The origin and early evolution of flowering plants, based at least in part on his frustration with the fossil record of the time, was a particularly puzzling subject for Charles Darwin. His correspondence between 1875 and 1881 reveals that he was deeply bothered by the apparent origins and rate of diversification of flowering plants in the mid-Cretaceous.
A newly sequenced genome of the Amborella trichopoda plant addresses Darwin's mystery and sheds new light on the origin of flowering plants:
A paper by the Amborella Genome Sequencing Project, published Dec. 20 in the journal Science, includes a full description of the analyses performed by the project as well as the implications for future research on flowering plants.
Jim Leebens-Mack, University of Georgia associate professor of plant biology in the Franklin College of Arts and Sciences, co-led a team of scientists at UGA, Penn State University, the University at Buffalo, the University of Florida and the University of California-Riverside to decipher the Amborella genome. The team is uncovering evidence for the evolutionary processes that paved the way for the diversity of the more than 300,000 flowering plant species on Earth today.
The Amborella genome sequence facilitated reconstruction of the ancestral gene order in the ‘core eudicots,' a huge group that comprises about 75 percent of all angiosperms.
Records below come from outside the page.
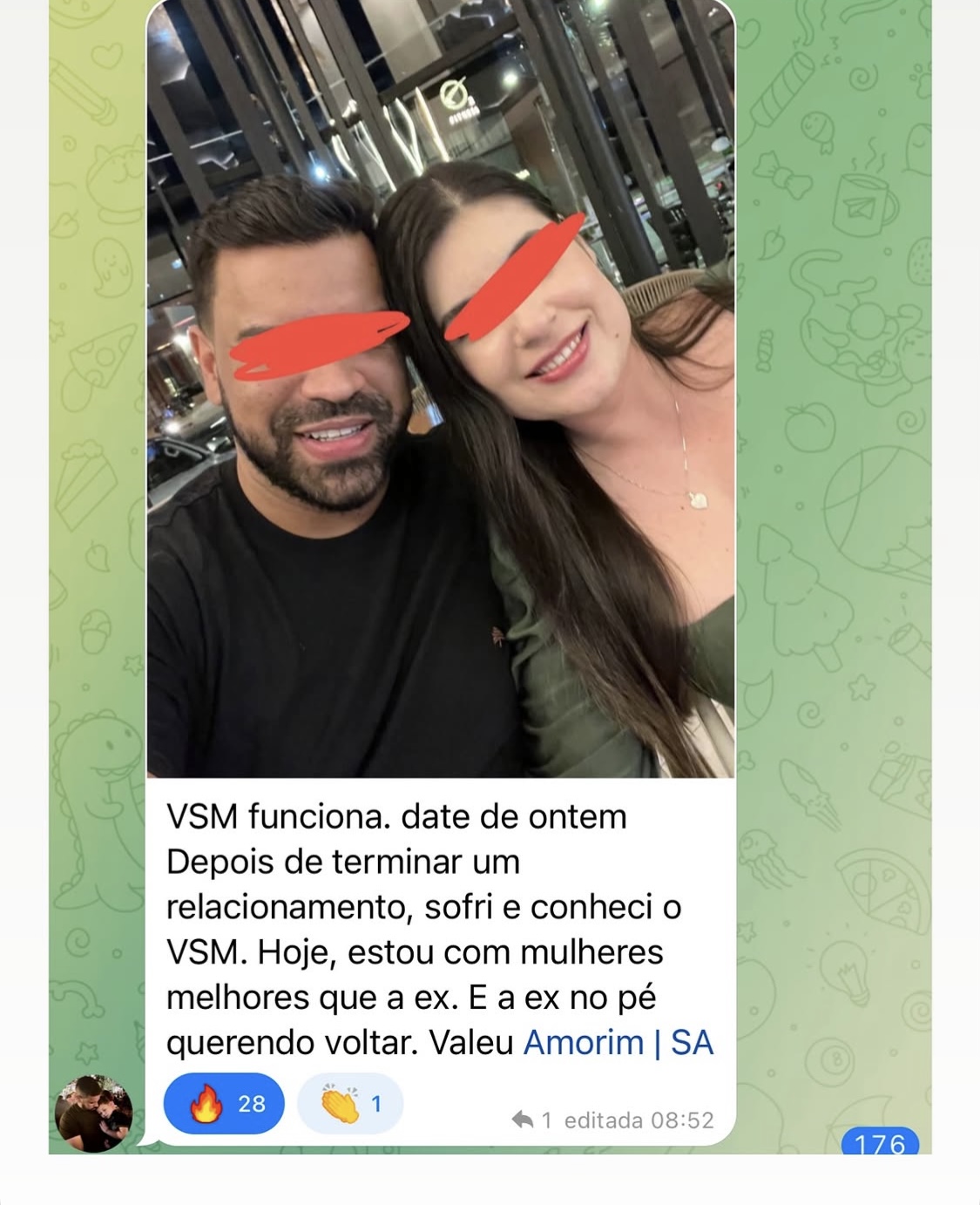Depoimento real 4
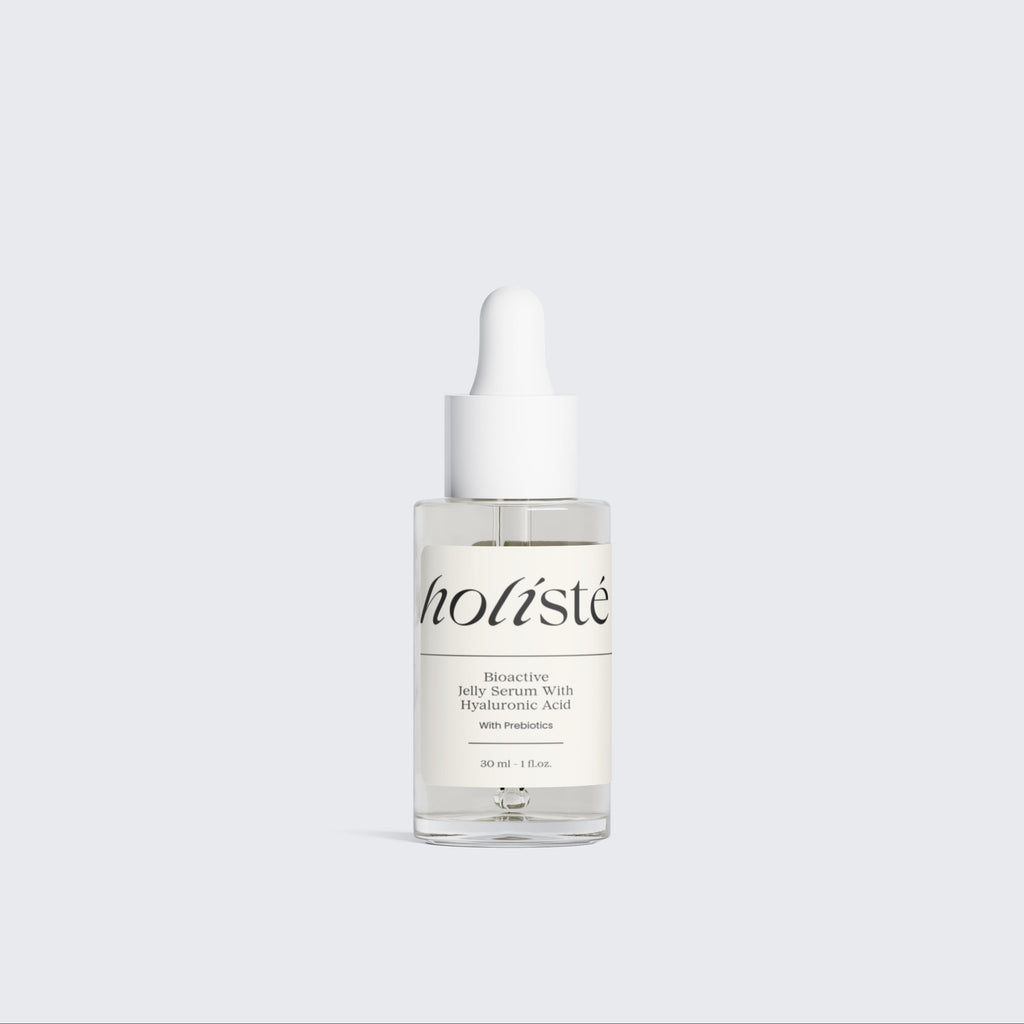 Bioactive prebiotics jelly serum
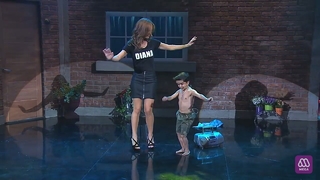 Diana Bolocco feet photo 17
This group includes tomato, apple and legumes, as well as timber trees such as oak and poplar," said Leebens-Mack.
It's fascinating how mysteries propel science forward, connecting eras and researchers over great periods to advance our knowledge of the universe. And a lagniappe that in this instance, such a significant insight turns on the life of a delicate little flower. Great work.
Image: The small flowers of Amborella trichopoda, an understory tree species native to New Caledonia.